Saturday, 17 September 2011
Forbidden by Tabitha Suzuma
When I was a teenager, my favourite author was Robert Cormier. He broke new ground in the 70s when he published his debut novel, The Chocolate War, and, along with other notable authors such as S E Hinton, radicalised the young adult genre. His writing was thought-provoking, edgy, daring; he relished tackling dark and difficult scenarios; his endings were often bleak and uncompromising; and Cormier went on to become one of the most celebrated YA authors – as well as one of the most banned by US librarians. He had a talent for taking the most outrageous or controversial subjects and exploring them with a brutal honesty, avoiding preaching, moralising, or sensationalism. I’ve been looking for a modern day author to inherit his crown for some time – and I may have just found that writer in Tabitha Suzuma.
‘Forbidden’ is Tabitha’s fifth novel and the first I’ve read by her. I bought this novel because I loved the cover, black with a thorny heart patterned on the cover, which perfectly captures the dark romance of the book. Before you start thinking that this is a paranormal romance, I’ll stop you there – for this is a book which explores a modern-day Romeo and Juliet scenario, a tale of forbidden love – but the hero and heroine are brother and sister.
Maya is 16 and has never been kissed; Lochie is 17 and shy and intelligent. They have three younger siblings and a mother who is a drunk and neglects them half the time to hang out with her boyfriend. As a result, Maya and Lochie have become the father and mother of their family, supervising homework, doing the washing-up, desperately trying to keep Social Services at bay.

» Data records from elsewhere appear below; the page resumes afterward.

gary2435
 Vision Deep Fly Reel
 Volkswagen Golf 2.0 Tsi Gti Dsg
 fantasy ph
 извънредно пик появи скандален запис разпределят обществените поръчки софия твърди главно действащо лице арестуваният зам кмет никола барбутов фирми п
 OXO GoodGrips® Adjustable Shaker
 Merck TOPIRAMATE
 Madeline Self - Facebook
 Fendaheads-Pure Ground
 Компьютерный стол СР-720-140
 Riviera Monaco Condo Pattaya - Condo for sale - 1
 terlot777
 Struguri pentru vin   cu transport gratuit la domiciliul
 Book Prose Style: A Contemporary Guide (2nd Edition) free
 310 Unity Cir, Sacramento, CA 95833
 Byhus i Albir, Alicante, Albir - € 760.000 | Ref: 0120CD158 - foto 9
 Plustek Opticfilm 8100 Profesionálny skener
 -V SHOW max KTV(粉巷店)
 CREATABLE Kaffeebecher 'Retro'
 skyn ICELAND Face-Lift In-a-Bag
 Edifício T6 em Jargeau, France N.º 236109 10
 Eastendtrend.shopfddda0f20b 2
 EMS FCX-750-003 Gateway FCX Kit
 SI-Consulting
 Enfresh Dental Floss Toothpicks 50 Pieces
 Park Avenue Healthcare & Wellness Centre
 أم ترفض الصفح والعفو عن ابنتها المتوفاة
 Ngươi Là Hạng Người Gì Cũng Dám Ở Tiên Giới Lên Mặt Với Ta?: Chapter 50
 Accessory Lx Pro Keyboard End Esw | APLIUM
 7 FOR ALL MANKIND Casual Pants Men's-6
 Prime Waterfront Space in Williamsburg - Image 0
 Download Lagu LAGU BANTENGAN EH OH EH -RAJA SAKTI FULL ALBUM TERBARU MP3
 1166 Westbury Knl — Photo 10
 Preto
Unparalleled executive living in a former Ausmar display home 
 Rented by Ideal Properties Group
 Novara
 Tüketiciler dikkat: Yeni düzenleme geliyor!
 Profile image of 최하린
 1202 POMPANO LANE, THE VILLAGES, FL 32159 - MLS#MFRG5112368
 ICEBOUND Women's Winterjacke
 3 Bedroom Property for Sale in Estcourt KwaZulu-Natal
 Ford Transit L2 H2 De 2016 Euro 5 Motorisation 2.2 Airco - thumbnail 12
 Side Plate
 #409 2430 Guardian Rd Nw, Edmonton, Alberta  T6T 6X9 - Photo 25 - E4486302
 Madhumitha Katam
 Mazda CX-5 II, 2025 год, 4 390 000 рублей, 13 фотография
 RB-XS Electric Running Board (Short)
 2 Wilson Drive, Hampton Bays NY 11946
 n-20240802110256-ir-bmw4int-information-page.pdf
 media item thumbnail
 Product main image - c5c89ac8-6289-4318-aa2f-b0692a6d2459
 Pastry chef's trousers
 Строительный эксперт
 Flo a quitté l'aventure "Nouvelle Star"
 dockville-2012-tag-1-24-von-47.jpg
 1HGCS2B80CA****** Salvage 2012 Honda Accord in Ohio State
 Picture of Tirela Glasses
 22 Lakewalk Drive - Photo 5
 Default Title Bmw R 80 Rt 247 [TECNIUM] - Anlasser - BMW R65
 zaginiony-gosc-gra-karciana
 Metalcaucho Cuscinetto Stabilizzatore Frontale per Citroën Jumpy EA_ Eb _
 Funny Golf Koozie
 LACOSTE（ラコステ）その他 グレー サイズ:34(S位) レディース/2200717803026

Tabitha slowly builds up the tension until it becomes unbearable; you feel that Maya and Lochie cannot survive and will have to snap, one way or another. Thus, the ugly concept of incest is turned on its head, for when they begin to feel romantic feelings for each other, their relationship becomes redemptive, a salvation for both of them, a chance for them to retreat from the burden of being adults – ironically, a chance to become innocent again, carefree, teenagers in love.
I read and enjoyed Ian McEwan’s brilliant ‘The Cement Garden’ many years ago; I savoured the cool, cynical, amoral voice of the narrator. ‘Forbidden’ is, in mood and tone, quite the reverse of McEwan’s novel, for the novel is told in alternating voices, between Maya and Lochan, in prose soaked with emotion, with passion and pain and longing. One of the greatest strengths of the novel is the fact that Suzuma never judges her characters, never moralises, and is neither inhibited by her subject matter, nor caught up in trying to shock – she simply dives into their feelings, and presents them with naked, raw honesty. The result is a novel of tremendous power. It is 9 months since I read it but I still remember how much the ending shocked me and made me shed tears. It is sophisticated enough to appeal to adults as well as teenagers; in fact, I think her publishers should publish an adult edition - it would sell by the truckload.